In recent years Joffe has moved away from portraits inspired by fashion magazine cuttings to focus on more personal work of herself, her family and her friends, usually working from photographs.

“When you paint people or your own family there is something very different than painting from magazines,” she says. “I felt the need to do that, somehow the ugliness and the realness talks to me. In a way it feels like I’m going backwards – when I started painting I only painted from life, and painted people I knew.

“My focus is getting narrower and narrower – I like making self-portraits. I don’t have to filter them and worry about how the subject feels. I can really go for it!”

One thing that hasn’t changed is the format of her paintings – which can vary wildly in size, from small canvases to giant three-metre tall works which require her to use scaffolding in the studio.

“I love to work big,” she says. “Some of the paintings in the exhibition are very large.

“I can’t seem to make the figures fit in a medium-sized painting.

“Working big is very physical – there is less control and it becomes more unexpected.

“It’s hard to think about how I paint when I’m not painting. I can’t think properly unless I’m doing it. When you’re really painting you lose yourself.”

Ahead of curating this Jerwood exhibition Joffe and Wylie have been painting pictures of each other.

“She did a brilliant drawing of me which I love,” says Joffe. “She hasn’t seen my painting of her. I loved her exhibition [Big Boys Sit In The Front which opened the Jerwood in March 2012]. It’s a real privilege to work with her.”

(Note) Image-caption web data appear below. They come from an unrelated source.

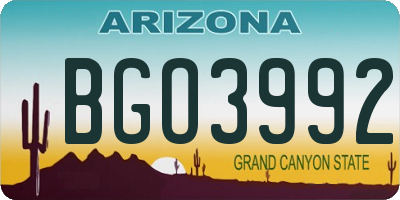 AZ license plate BGO3992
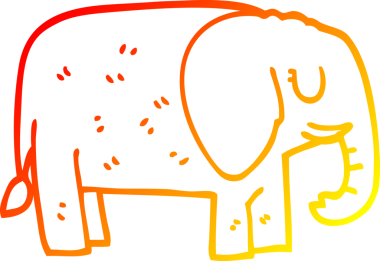 Bir insan tarafından çizilmiş, karikatür filinin sıcak çizgi çizimi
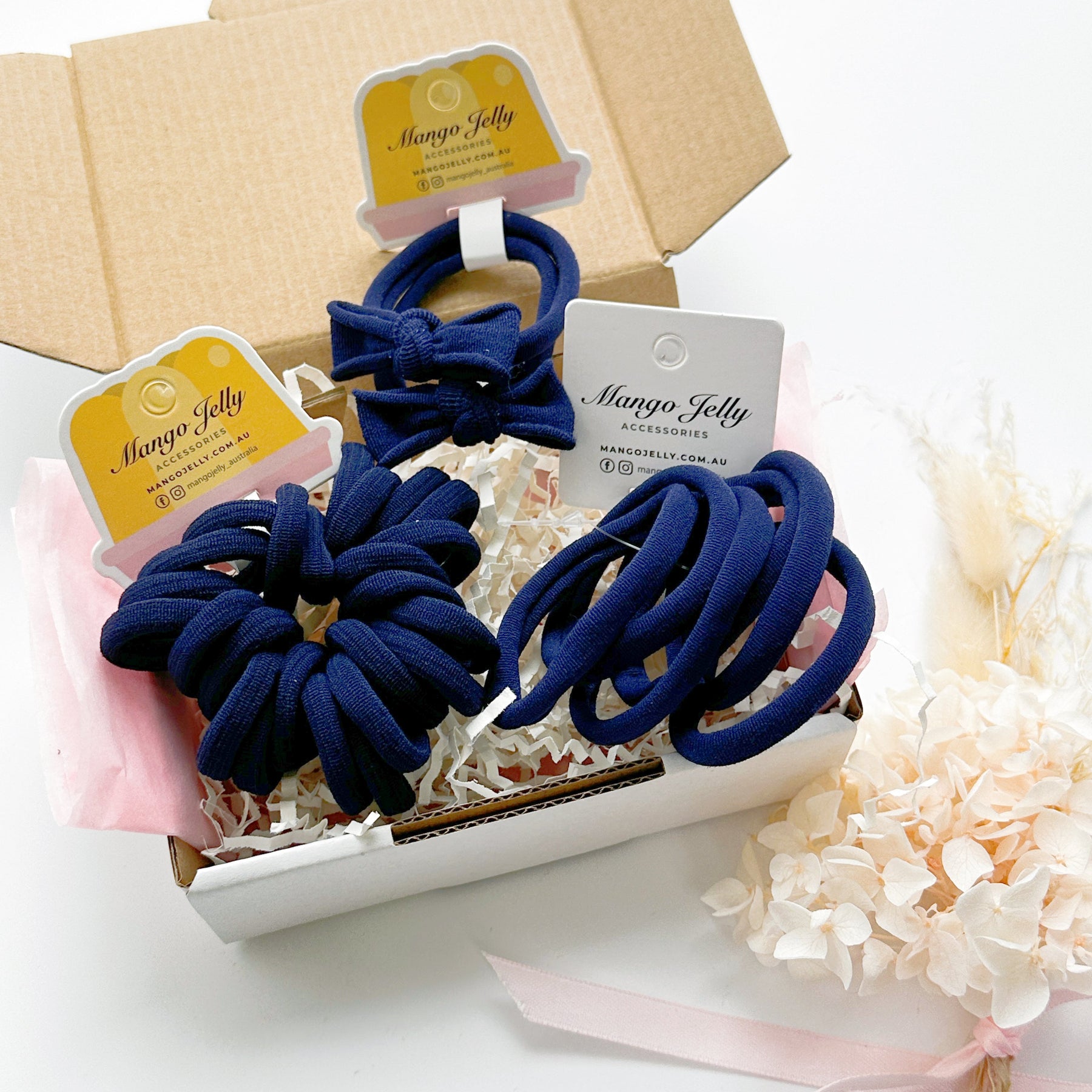School Colour Bundle - NAVY, 36 Pieces: Handmade Bows & Metal-Free Hair Ties - SuperSaverAU - view 1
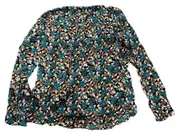 Vorschaubild 3 von Bluse Damen Gr. S Langarm Blumenmuster Türkis
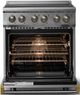 Viking® 5 Series 30" Stainless Steel Pro Style Electric Range with Brushed Brass Trim-1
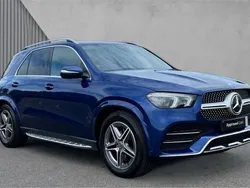 Brilliant blue metallic Used 2021 Mercedes GLE350 AMG line SUV | £38,835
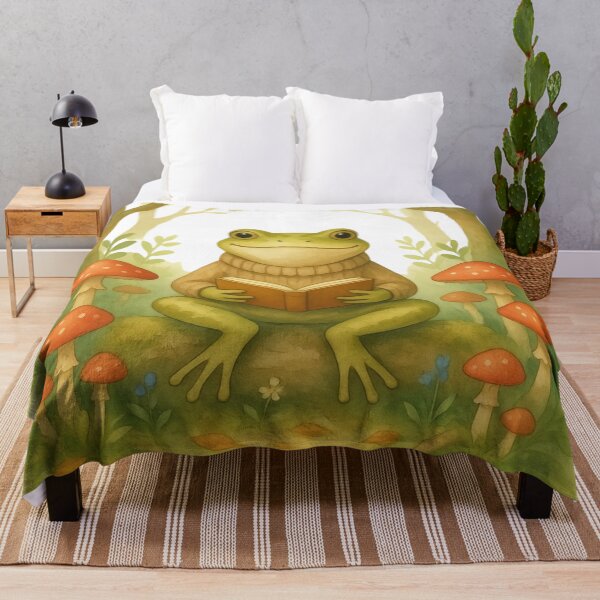 Item preview, Cozy Reading Frog in Cottagecore Forest Watercolor designed and sold by RAJASWARSTORE.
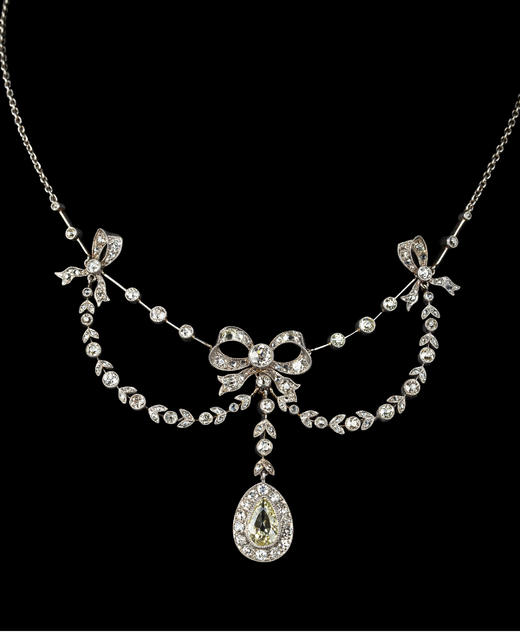 独角鹿西洋古董珠宝首饰美好时代铂金镶嵌钻石缎带蝴蝶结花环项链 商品图3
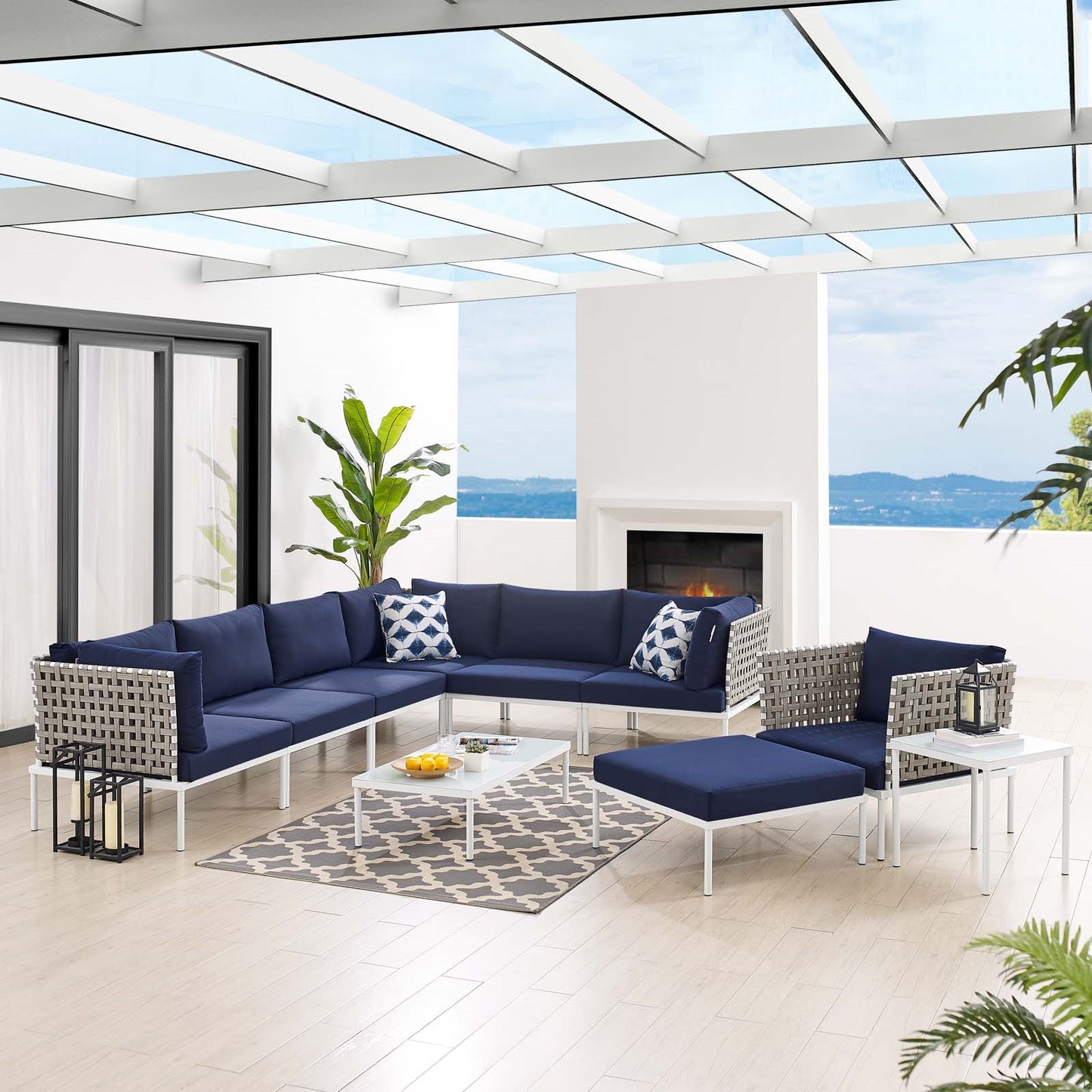 Harmony 10-Piece Sunbrella Basket Weave Outdoor Patio Aluminum Sectional Sofa Set | Polyester by Modway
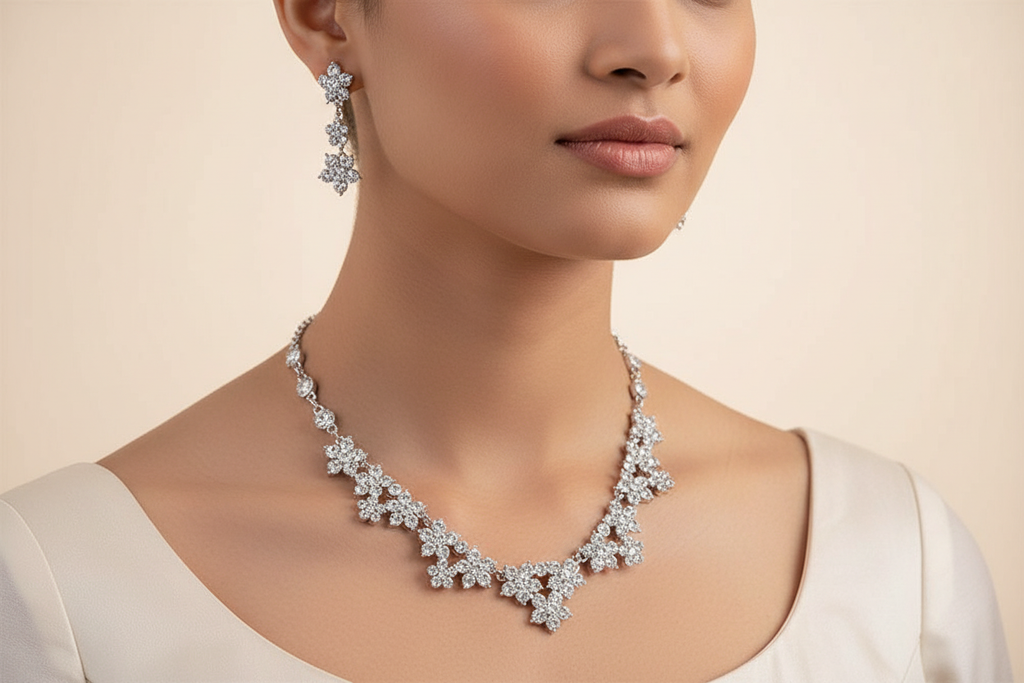 Silver-toned floral bridal necklace and matching drop earring worn by a model
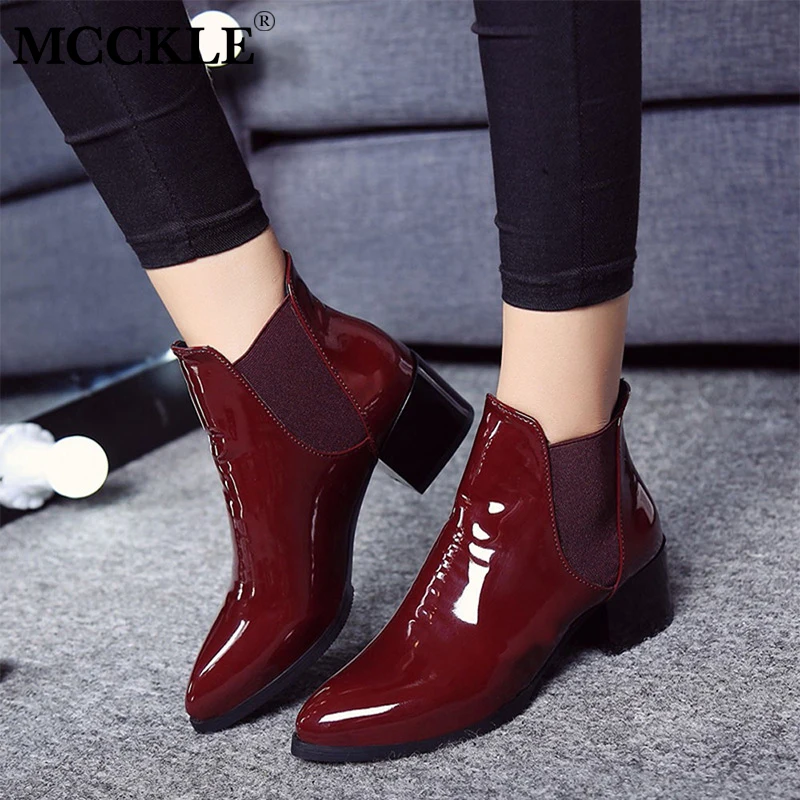 

MCCKLE Women Block High Heels Chelsea Boots Autumn Winter Ankle Boots Female Patent Leather Pointed Toe Short Fashionable Shoes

It’s only one of four exhibitions Joffe is putting together in 2015. Cheim And Read gallery in New York is hosting a selection of her self-portraits in May, and her work is also going on show at London’s National Portrait Gallery in June.

Her second New York exhibition, at the Jewish Museum in May, has been commissioned by curator Jens Hoffmann focusing on Jewish women in history.

“It’s only people whose work I know and get excited by,” says Joffe. “I’m painting Susan Sontag, Diane Arbus and Gertrude Stein – people I have an affinity with.

“Painting these women you imagine what it’s like to be in their head – it can be quite upsetting sometimes, especially with Diane Arbus [the photographer killed herself in 1971].

“What I like about painting is you can do what you want, you can play as many games as you like. Nobody can tell you you’re wrong or right.”